2/2: BVerwG lehnt Klage zähneknirschend ab
Das überzeugt das BVerwG offenkundig nicht. In seiner Entscheidung von Mittwoch heißt es, das BVerfG habe zwar auf den objektiven Erklärungsgehalt abgestellt, sei jedoch darüber hinweg gegangen, dass das Meldeformular die Kläger nach ihrer "Religion" und nicht (wie meldegesetzlich eigentlich vorgesehen) nach ihrer "Religionsgemeinschaft" gefragt habe. Aus ihrer Erklärung, der mosaischen (jüdischen) Religion anzugehören, lasse sich aber nicht der Wunsch entnehmen, der örtlichen jüdischen Gemeinde anzugehören, unabhängig davon, ob diese die einzige in der Stadt sei und ob sie selbst sich als Einheitsgemeinde verstehe. Durch die gegenteilige Auffassung würden die Kläger in ihrer (negativen) Religionsfreiheit verletzt, die neben dem Grundgesetz auch durch Art. 9 der Europäischen Menschenrechtskonvention (EMRK) garantiert sei.
Nach Auffassung des BVerwG würden die Kläger durch die Zuordnung zur jüdischen Gemeinde Frankfurt in diesem Menschenrecht verletzt.
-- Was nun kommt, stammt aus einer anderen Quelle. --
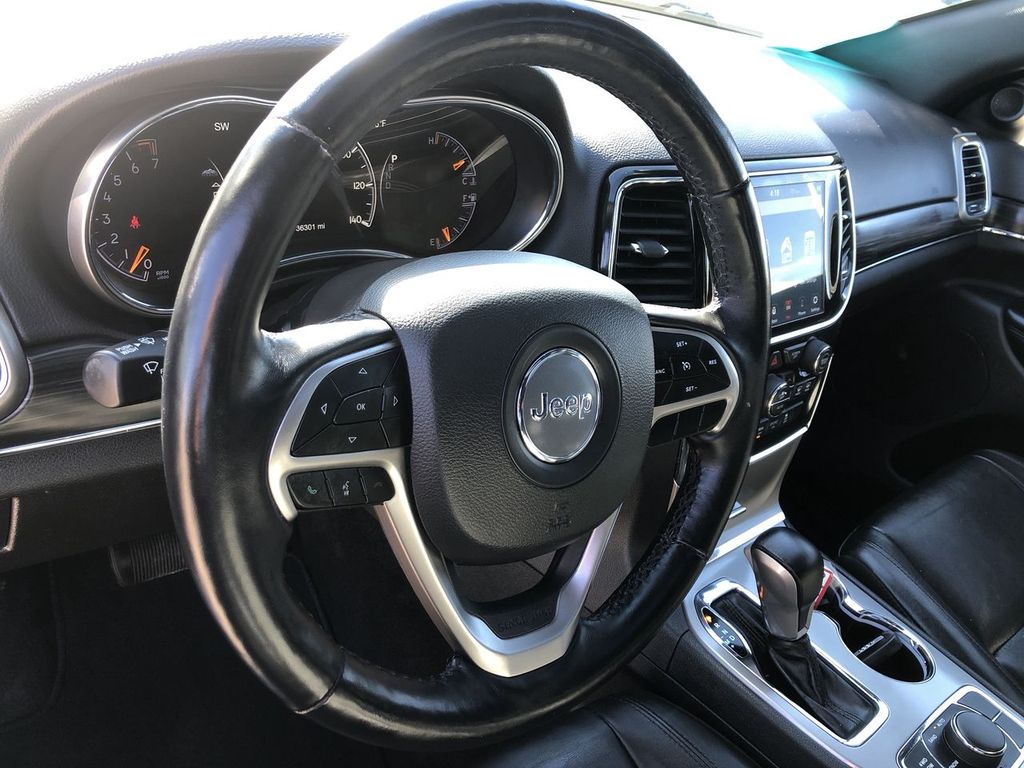 2022 Jeep Grand Cherokee WK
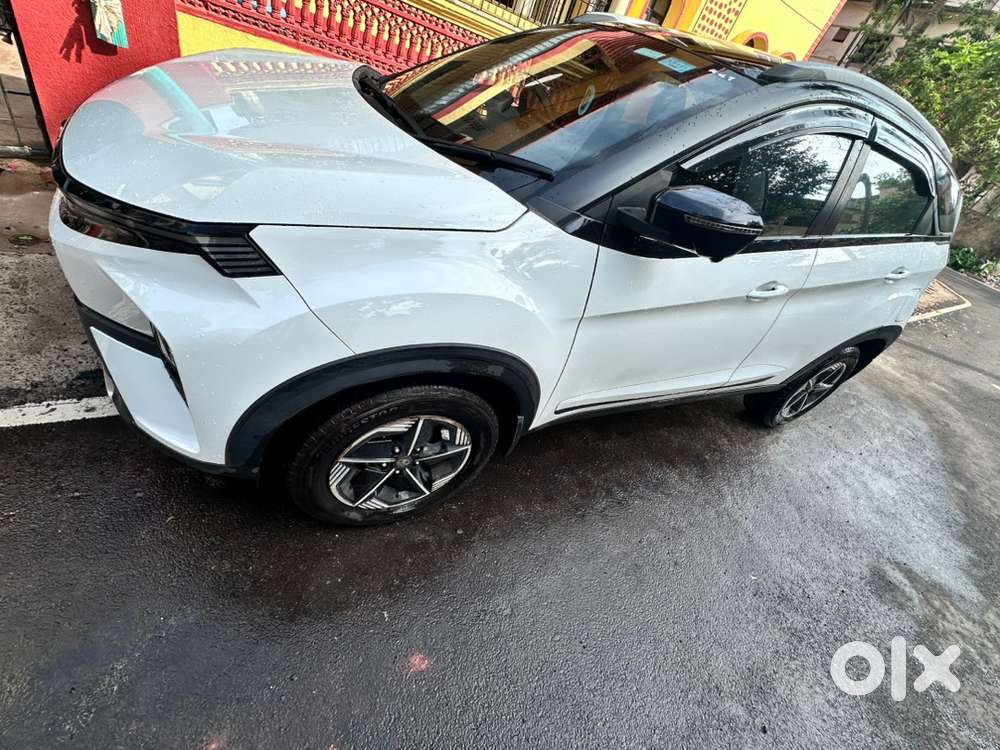 Tata Nexon Petrol 2024 Year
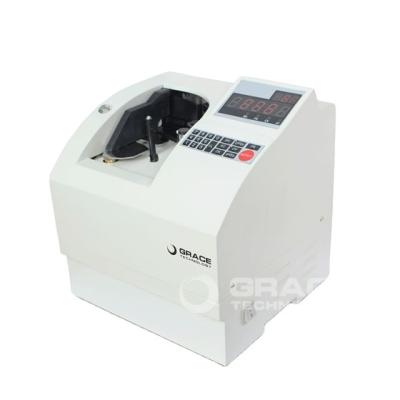 China Wholesale Customized Logo High Counting Speed ​​Banknote Counter With Free Account Mode 210pcs for sale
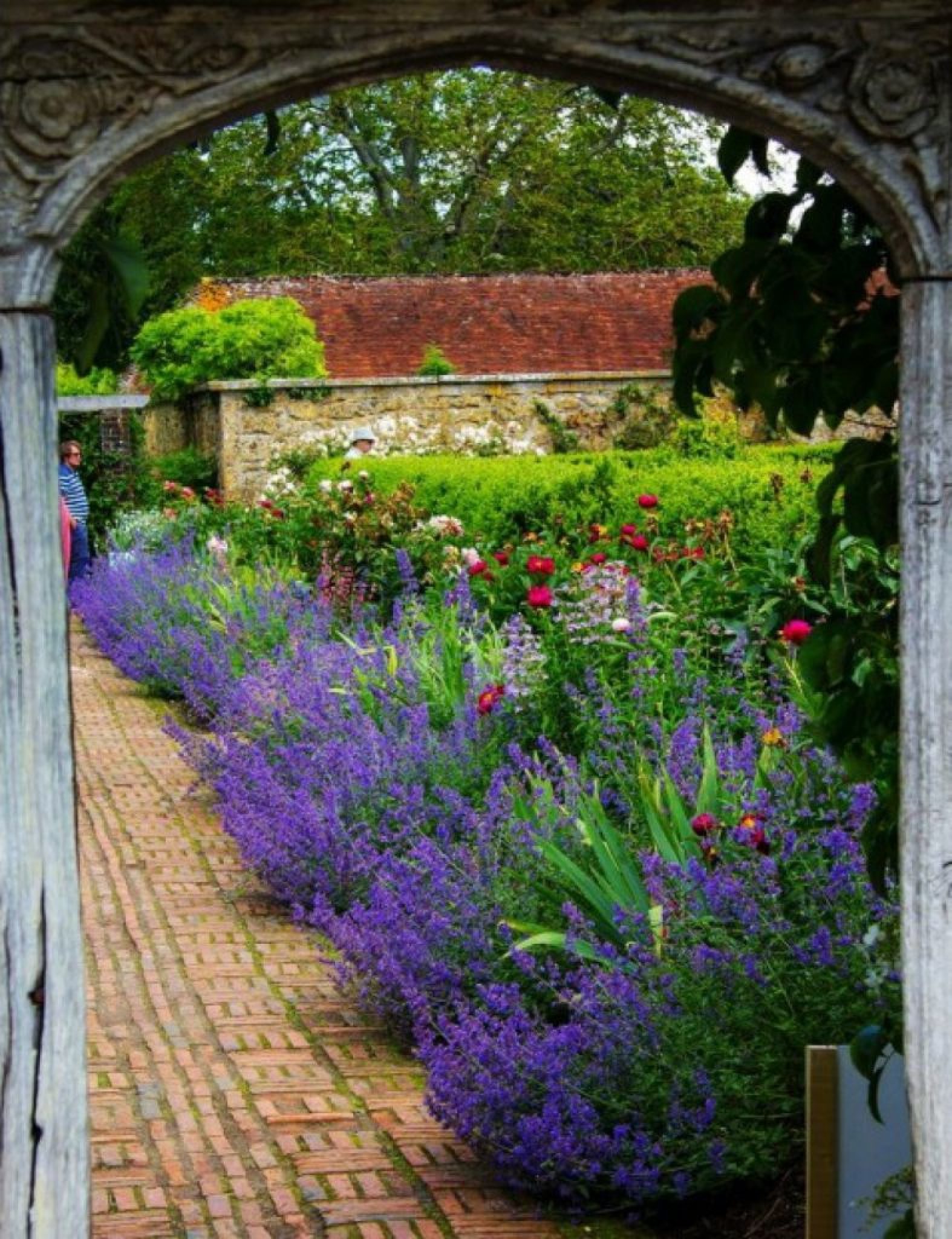 English cottage garden ideas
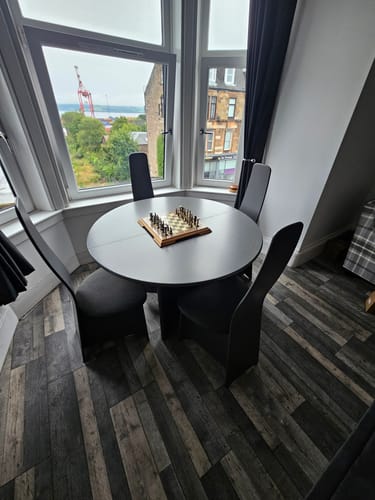 Customer photo review of Fabric Paint -- Dark Grey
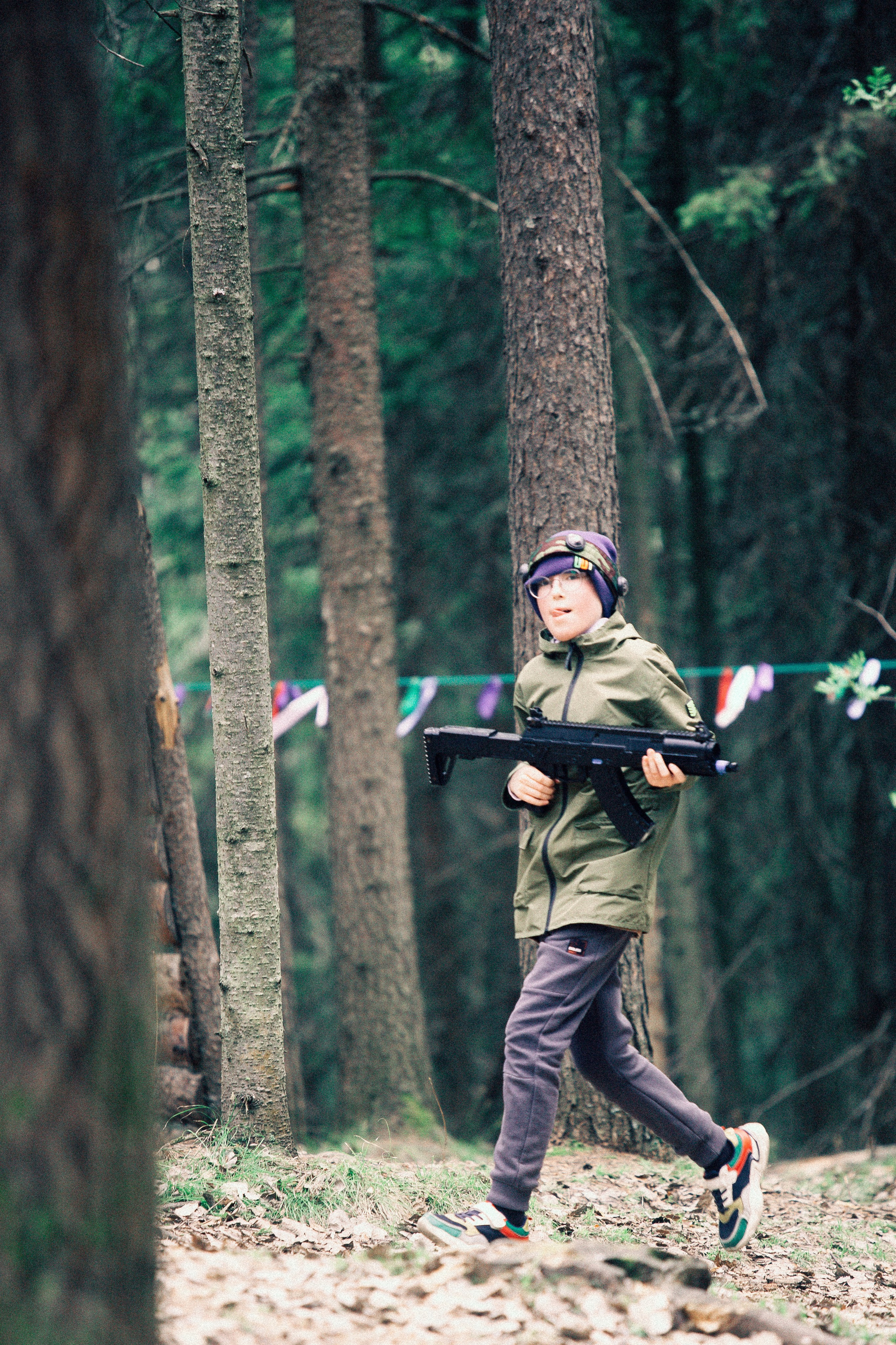 Выпускной в начальной школе. Арт-фотограф Крис Л. в Тобольске: портрет, семейные, свадьбы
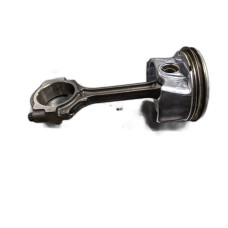 72R001 Piston and Connecting Rod Standard From 2015 Nissan Altima  2.5
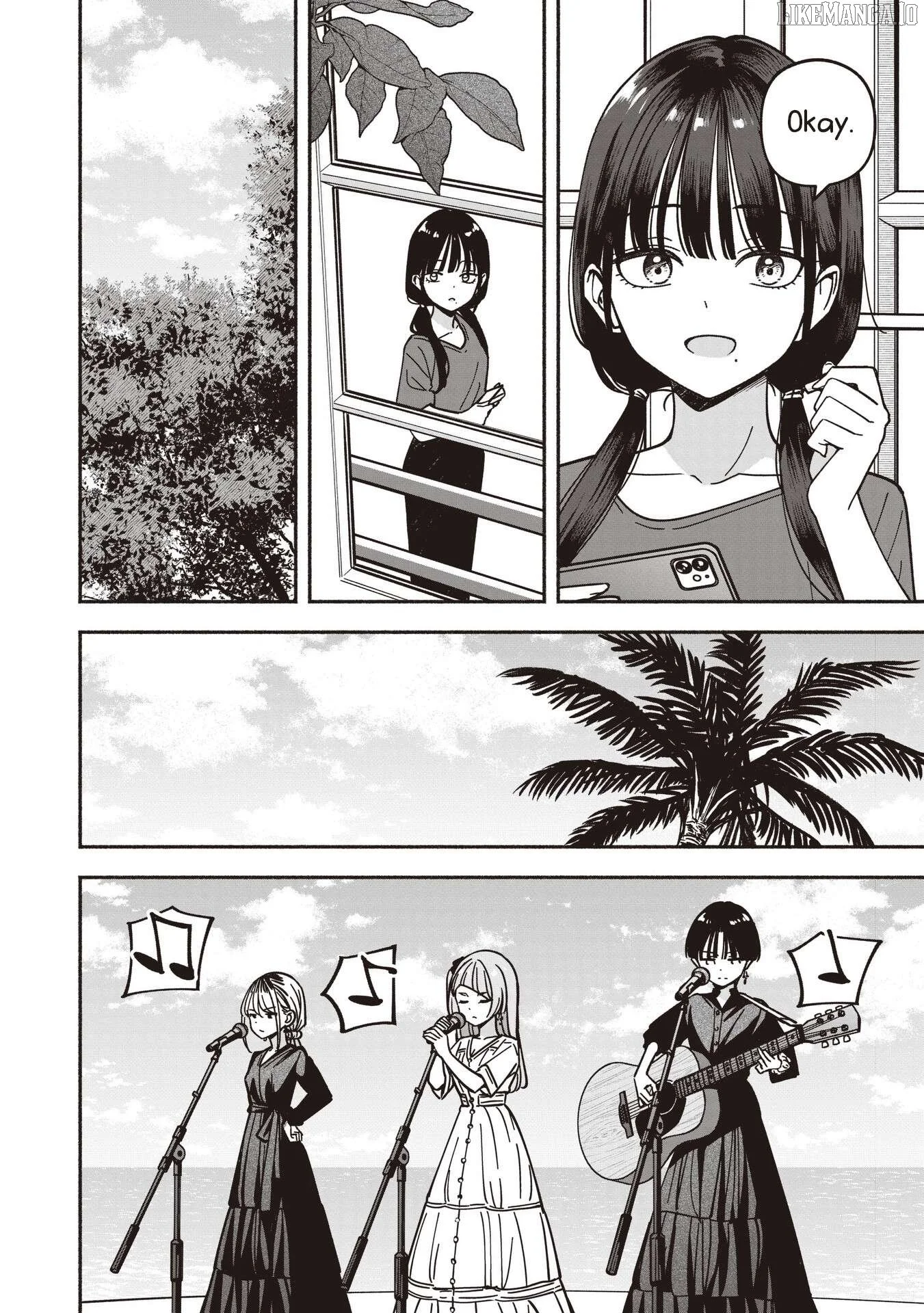 IDOL×IDOL STORY! Chapter 71 page 5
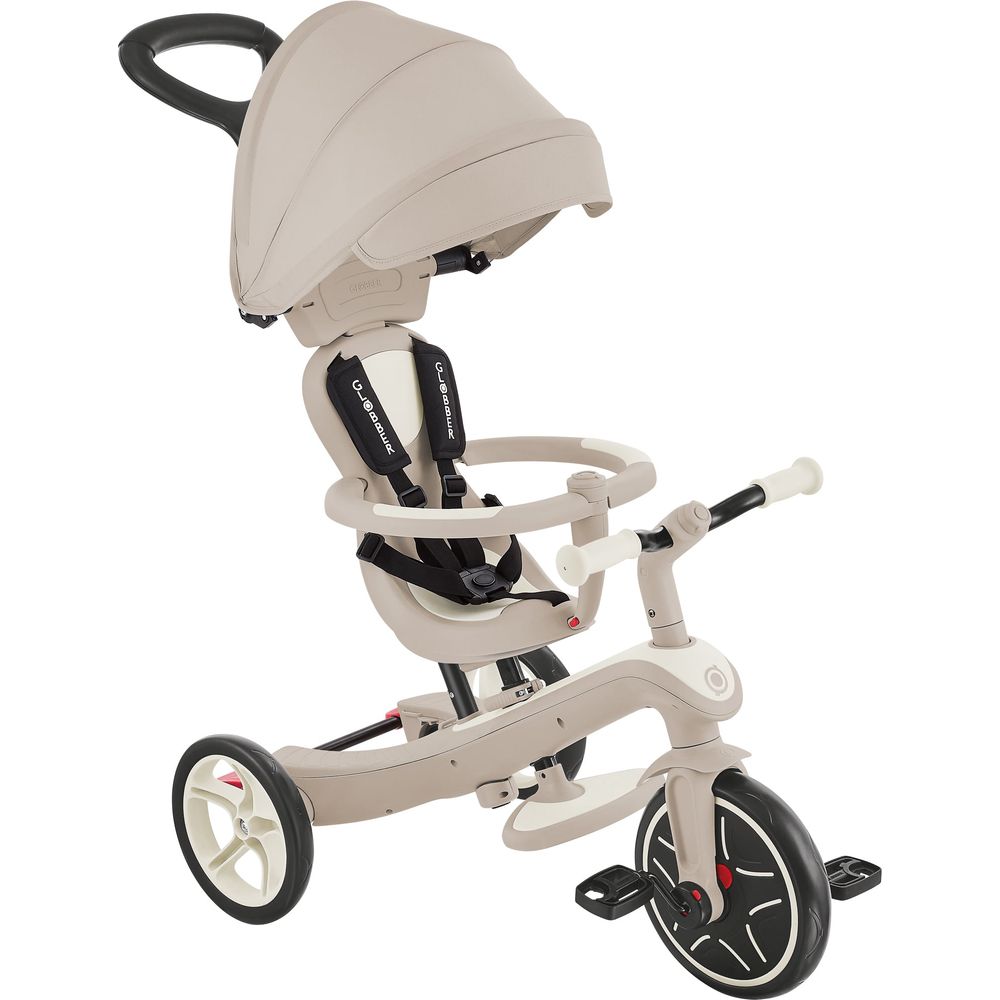 Explorer Trike Eco 4-in-1 - Coconut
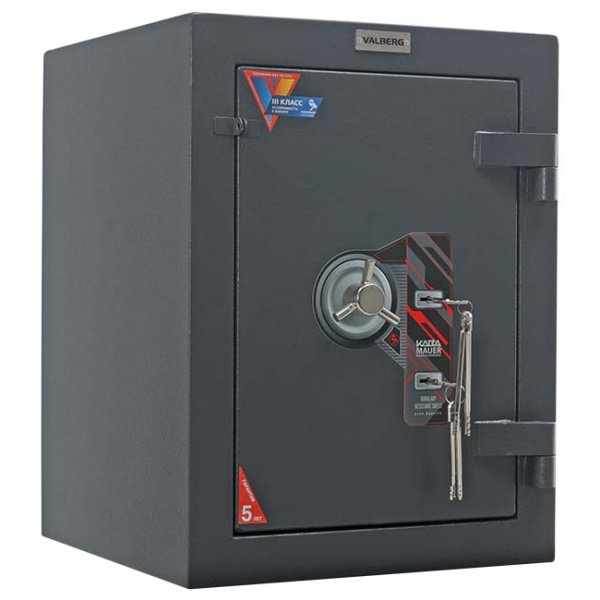 Сейф Valberg Форт-67 KL (закрытый)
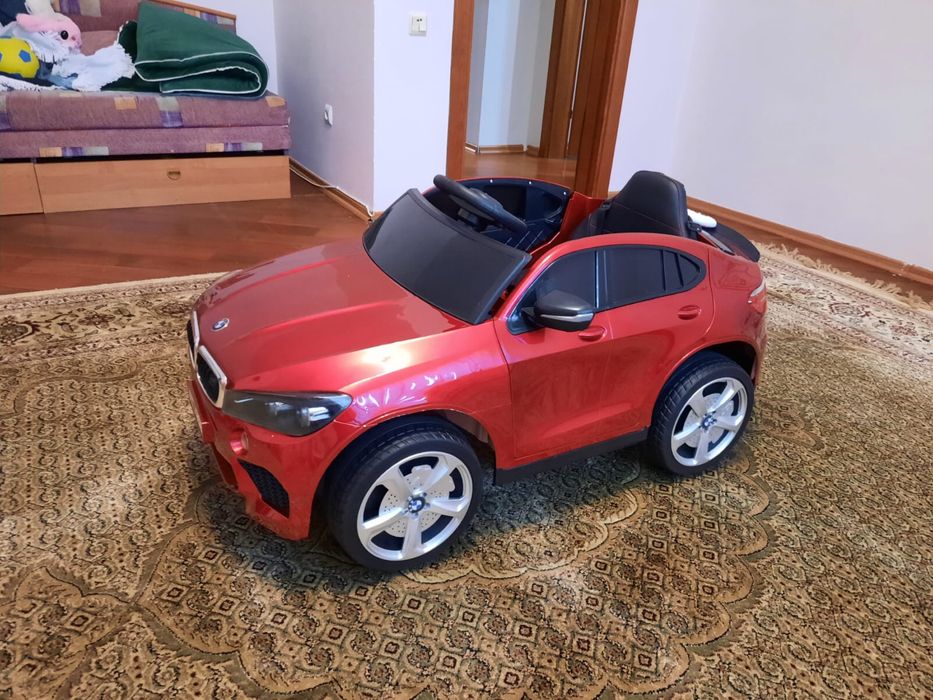 электромобиль детский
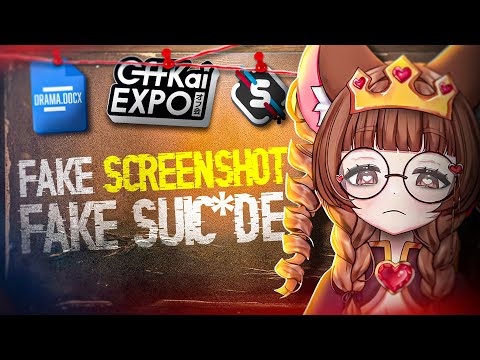 How Lies, Stalking & Slander Ruined This VTuber’s Career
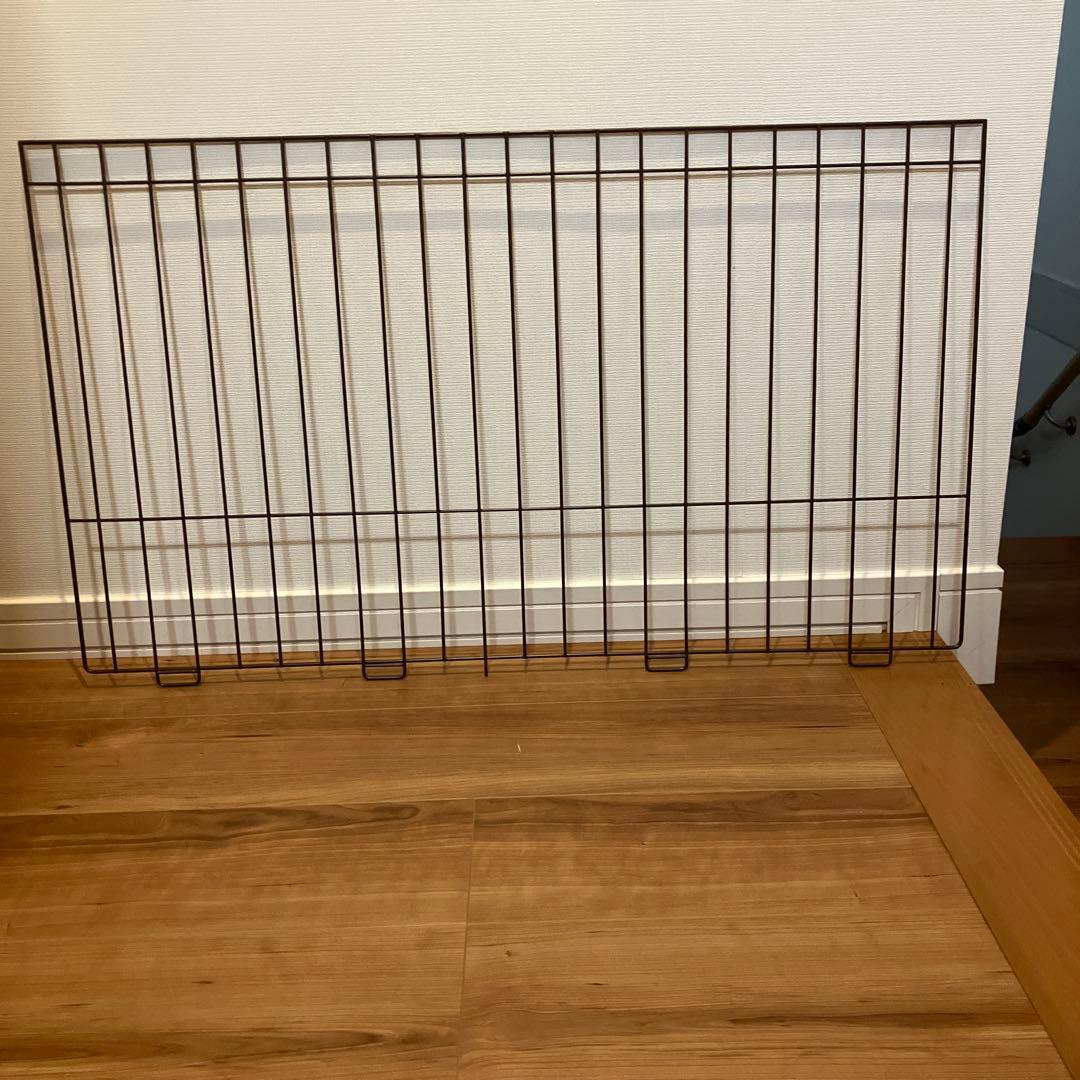 リッチェル　もっとお掃除簡単ペットサークル　90-60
Trotzdem müsse es ihre Klage ablehnen und feststellen, dass sie Mitglieder jener Gemeinde geworden seien, da die Entscheidung des BVerfG keine andere Lösung zulasse und nach § 31 Absatz 1 Bundesverfassungsgerichtsgesetz (BVerfGG) Bindungswirkung entfalte.
Kläger könnten EGMR anrufen
Die Bindungswirkung des § 31 Abs. 1 BVerfGG erstreckt sich auf "die Verfassungsorgane des Bundes und der Länder sowie alle Gerichte und Behörden". Gemeint sind damit allerdings naturgemäß nur deutsche Gerichte, nicht hingegen der Europäische Gerichtshof für Menschenrechte (EGMR), der für Verstöße gegen die EMRK zuständig ist.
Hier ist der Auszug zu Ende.